The rising point of the moon changes from day to day in a very analogous

way, marking out a sweep from north to south and back again, except that it

takes only one month to accomplish one complete cycle. The actual period of

this cycle is the "draconitic month" of 27.21222 days, on the average.

Unlike the sun, however, the extremes of the northernmost and southernmost

rising azimuths will not remain the same for each cycle. After noting the

northernmost rising point for the moon during one month, one may very well

find it rises at a point even further north the next month. In fact, there

is an 18.61-year variation in the extremes of the moon's rising point.
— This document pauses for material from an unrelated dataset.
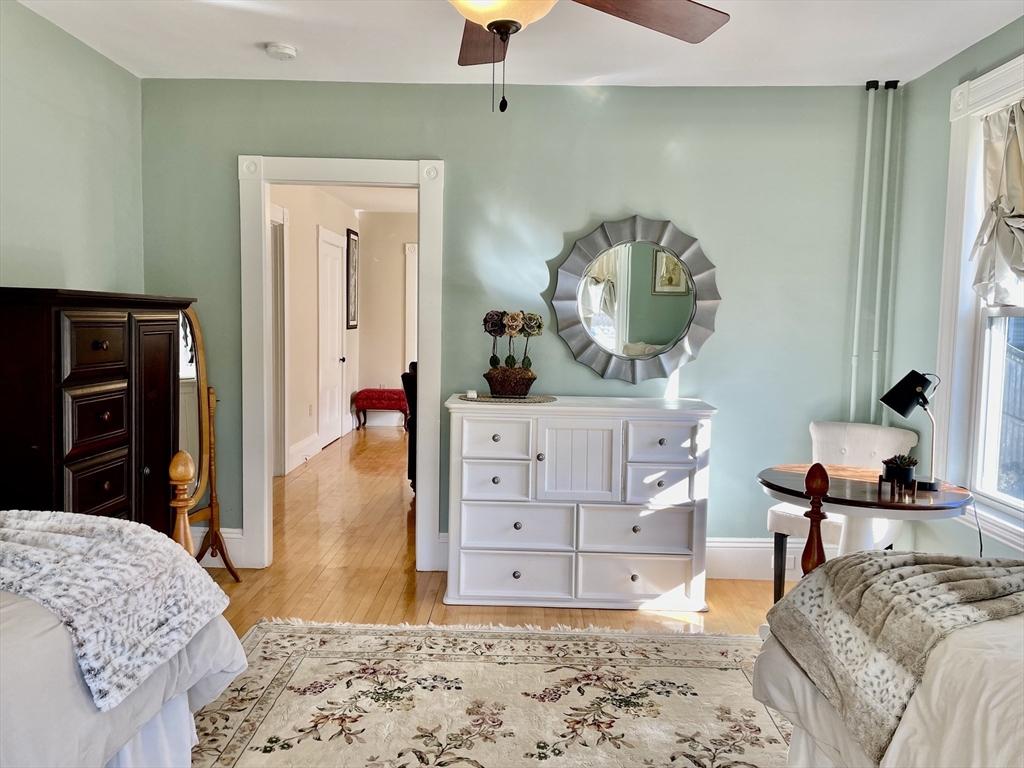 55 Linebrook Road, Unit 1 Ipswich, MA 01938 - Photo 13 of 25 a bedroom with a bed and a dresser in it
A major standstill limit will happen at the moment the moon is near a

quarter moon and the lunar node is near the vernal (or autumnal) point. The

moon is at his highest point in its orbit and combining this with lunar

phase, the sun is near equinox.

**Saros Cycle**

The periodicity of solar eclipses depends upon two lunar orbital cycles

coinciding with the moon passing through a node. First, a new moon occurs on

average every 29.530588 days. The moon's average orbital period, perigee to

perigee, is 27.554548 days. These cycles repeat every 18 years, 11 1/3 days;

or 6585.3211 days; or 233 new moons, approximately 239 perigees and 242

nodes. Every eclipse in a Saros family shares the same

**18 year, 11.33**day

cycle.

**Calculation:**

223 lunar synodic months = 29.053059*223 = 6585.3216

242 lunar draconitic months = 27.21222*242 = 6585.3572

**The Metonic Cycle**

Another pattern evident in the table is that the solar calendar dates of

maximum moonrises often repeat, 19 years apart:

1 solar year = 365.2425 days

1 lunar synodic month (full moon to full moon) = 29.53059 days

19 years = 365.2425*19 = 6939.6075 days

235 lunar synodic months = 29.53059*235 = 6939.6887 days

This is a difference of only 0.0812 days, or about two hours. So, after

exactly nineteen solar years the sun will return to the same position

relative to the stars (by definition), and the moon will have very nearly

the same phase (just two hours difference). This fact was much appreciated

by the Greeks, as the dates of the new moon, full moon, etc., would repeat

every nineteen years.

For the purposes of maximum moonrises, the above coincidence alone would not

be enough to ensure that maximum moonrises will occur on the same date 19

years apart, it only guarantees the phase will be the same on the same

dates.

Another well-known aspect of the Metonic cycle is that since the sun, moon

and earth return to the same relative positions, the pattern of eclipses of

the moon and sun may repeat somewhat after 19 years elapses. The half-day

difference of the lunar draconitic cycle however is enough to throw the

eclipse repeatability out of kilter fairly rapidly, but three or four

eclipses may repeat, on the same dates 19 years apart, before this happens.

In any given year the solar calendar dates of Full Moon events will be

duplicated every 19 years. This creates a clear cycle connection that was

delineated by the mythic 19 Priestesses of Bridget. Each of these individual

"Priestesses" represented the "character" and experience of each of the 19

components of the Great Lunar Year. This relationship creates an excellent

basis for cyclic pattern divinations. A 19 year cycle upon which one can

hang other, shorter cycling patterns for delineation and understanding

**Conclusion**

So, I conjecture that the gravitational "window" in TIME that allows "the

right person, in the right group, at the right time and at the right place"

to access hyperdimensions is the standstill point, also called lunarstice.